[DATA PROVIDED — start]

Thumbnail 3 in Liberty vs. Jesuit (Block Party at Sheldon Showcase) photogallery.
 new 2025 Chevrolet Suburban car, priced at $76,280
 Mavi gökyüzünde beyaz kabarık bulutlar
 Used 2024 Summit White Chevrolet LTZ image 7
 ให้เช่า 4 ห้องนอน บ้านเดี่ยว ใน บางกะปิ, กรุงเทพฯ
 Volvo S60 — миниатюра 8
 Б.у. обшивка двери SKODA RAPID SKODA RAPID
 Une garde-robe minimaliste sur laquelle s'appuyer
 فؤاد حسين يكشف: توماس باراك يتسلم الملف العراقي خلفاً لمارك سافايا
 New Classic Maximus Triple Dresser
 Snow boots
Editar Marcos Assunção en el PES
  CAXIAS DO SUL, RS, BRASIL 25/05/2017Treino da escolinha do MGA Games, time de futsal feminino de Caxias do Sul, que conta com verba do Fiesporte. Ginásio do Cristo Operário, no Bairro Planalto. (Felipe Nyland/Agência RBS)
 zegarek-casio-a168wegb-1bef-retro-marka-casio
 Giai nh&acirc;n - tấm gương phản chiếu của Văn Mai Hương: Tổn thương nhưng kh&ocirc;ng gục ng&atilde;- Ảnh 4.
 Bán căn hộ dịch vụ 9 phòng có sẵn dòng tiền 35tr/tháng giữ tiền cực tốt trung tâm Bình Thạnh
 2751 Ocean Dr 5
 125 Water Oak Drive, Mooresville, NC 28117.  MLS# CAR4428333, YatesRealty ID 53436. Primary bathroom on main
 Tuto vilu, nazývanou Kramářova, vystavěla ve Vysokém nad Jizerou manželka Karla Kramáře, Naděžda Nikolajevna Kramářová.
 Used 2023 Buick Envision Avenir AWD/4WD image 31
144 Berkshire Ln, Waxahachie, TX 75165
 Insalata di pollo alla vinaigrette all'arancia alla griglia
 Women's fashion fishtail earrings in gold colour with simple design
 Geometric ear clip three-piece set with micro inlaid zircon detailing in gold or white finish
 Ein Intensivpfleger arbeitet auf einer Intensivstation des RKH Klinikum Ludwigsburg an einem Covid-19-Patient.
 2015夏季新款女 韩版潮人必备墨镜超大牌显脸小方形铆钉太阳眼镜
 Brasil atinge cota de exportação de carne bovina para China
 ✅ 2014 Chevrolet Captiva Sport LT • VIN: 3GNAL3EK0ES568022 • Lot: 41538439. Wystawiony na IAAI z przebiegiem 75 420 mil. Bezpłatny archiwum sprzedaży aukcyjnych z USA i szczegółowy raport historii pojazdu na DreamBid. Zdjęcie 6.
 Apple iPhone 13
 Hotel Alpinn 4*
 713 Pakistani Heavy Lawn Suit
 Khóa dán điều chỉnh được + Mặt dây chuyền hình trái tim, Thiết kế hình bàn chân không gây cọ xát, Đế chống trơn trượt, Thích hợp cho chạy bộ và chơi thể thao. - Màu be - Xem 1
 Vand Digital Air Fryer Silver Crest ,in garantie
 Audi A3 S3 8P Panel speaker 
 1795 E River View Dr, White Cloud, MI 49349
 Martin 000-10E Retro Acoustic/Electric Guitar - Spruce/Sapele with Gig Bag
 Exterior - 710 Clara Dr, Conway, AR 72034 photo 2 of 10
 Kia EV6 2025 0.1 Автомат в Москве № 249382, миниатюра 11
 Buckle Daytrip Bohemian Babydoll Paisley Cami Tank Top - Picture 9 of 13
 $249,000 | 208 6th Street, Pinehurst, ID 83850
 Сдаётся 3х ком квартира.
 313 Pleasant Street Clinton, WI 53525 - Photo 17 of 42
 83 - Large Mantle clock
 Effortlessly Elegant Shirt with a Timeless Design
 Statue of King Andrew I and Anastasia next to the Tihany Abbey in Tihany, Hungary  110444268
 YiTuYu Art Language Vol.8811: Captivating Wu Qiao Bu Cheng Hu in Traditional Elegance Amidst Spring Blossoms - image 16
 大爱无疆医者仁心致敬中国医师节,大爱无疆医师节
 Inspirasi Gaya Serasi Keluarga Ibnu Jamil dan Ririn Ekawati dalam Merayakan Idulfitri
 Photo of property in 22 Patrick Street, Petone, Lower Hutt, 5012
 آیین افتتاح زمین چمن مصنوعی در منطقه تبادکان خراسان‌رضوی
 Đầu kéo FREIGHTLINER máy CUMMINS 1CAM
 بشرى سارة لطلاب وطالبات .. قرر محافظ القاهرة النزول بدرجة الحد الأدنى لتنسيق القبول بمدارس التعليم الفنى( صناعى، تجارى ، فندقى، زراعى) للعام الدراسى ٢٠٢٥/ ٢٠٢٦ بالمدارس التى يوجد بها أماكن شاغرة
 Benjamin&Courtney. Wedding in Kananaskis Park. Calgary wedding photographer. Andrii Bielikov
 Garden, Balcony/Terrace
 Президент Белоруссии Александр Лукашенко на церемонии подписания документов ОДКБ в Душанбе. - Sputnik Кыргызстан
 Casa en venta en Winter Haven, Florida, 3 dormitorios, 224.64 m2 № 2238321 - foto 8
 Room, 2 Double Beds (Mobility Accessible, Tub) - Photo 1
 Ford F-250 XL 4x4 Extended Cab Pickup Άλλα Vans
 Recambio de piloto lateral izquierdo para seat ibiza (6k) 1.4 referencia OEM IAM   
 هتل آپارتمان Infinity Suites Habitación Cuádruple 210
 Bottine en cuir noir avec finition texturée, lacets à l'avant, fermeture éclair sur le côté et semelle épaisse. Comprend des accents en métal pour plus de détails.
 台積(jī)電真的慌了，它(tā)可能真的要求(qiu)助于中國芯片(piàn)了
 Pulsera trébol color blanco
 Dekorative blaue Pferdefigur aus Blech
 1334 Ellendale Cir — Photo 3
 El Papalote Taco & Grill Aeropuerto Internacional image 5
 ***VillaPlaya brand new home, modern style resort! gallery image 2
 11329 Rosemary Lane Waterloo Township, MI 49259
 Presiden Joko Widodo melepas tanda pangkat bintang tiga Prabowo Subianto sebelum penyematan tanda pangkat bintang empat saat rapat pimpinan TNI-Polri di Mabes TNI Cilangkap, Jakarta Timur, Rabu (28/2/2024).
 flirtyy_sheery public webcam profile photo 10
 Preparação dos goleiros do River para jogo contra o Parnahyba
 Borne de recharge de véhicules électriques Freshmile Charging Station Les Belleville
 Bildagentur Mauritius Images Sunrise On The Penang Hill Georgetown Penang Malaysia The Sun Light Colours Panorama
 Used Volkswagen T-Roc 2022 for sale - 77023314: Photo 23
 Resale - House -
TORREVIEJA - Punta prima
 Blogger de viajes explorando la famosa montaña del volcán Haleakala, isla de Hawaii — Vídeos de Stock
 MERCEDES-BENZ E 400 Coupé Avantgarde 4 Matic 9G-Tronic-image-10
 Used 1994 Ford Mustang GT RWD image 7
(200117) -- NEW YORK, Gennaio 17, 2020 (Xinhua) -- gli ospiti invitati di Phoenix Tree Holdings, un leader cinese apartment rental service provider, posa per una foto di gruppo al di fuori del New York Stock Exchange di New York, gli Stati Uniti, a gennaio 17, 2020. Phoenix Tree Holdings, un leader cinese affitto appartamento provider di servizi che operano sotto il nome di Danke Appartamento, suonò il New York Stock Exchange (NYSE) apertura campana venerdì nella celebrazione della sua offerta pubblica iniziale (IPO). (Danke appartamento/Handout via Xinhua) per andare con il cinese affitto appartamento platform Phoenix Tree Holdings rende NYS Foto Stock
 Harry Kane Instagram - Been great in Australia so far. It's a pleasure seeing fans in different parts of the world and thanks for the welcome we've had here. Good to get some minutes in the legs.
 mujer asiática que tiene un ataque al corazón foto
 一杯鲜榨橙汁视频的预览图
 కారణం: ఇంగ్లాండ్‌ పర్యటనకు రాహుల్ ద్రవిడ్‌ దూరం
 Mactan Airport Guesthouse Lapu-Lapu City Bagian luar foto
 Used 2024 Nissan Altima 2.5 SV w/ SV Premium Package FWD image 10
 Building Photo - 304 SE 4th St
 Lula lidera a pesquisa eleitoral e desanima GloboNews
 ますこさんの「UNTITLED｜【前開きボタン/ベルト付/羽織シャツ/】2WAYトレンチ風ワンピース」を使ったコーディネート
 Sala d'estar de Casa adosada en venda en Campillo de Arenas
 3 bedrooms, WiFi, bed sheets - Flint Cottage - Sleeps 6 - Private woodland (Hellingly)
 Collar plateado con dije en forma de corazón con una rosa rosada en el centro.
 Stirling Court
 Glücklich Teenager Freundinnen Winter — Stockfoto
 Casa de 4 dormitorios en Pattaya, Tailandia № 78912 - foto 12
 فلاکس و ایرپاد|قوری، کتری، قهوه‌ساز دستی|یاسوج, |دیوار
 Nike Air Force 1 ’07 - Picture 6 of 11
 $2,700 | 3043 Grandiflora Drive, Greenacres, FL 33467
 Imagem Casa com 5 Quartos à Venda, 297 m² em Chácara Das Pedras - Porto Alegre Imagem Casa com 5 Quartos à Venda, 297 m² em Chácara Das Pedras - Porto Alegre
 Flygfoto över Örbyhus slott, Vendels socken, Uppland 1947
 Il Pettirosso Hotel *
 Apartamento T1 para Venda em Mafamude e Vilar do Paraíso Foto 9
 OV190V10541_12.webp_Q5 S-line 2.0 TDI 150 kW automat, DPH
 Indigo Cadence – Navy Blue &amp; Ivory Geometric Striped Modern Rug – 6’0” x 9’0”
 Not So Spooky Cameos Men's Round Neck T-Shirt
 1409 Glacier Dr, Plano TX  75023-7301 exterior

[DATA PROVIDED — finish]

EXERCISE INSTRUCTIONS - Of the entries listed above, reproduce only the lines starting at the line containing "Blogger de viajes" and ending at the line containing "Used 1994 Ford Mustang GT RWD image 7". Include both, exactly as they stand.

TASK OUTPUT -
 Blogger de viajes explorando la famosa montaña del volcán Haleakala, isla de Hawaii — Vídeos de Stock
 MERCEDES-BENZ E 400 Coupé Avantgarde 4 Matic 9G-Tronic-image-10
 Used 1994 Ford Mustang GT RWD image 7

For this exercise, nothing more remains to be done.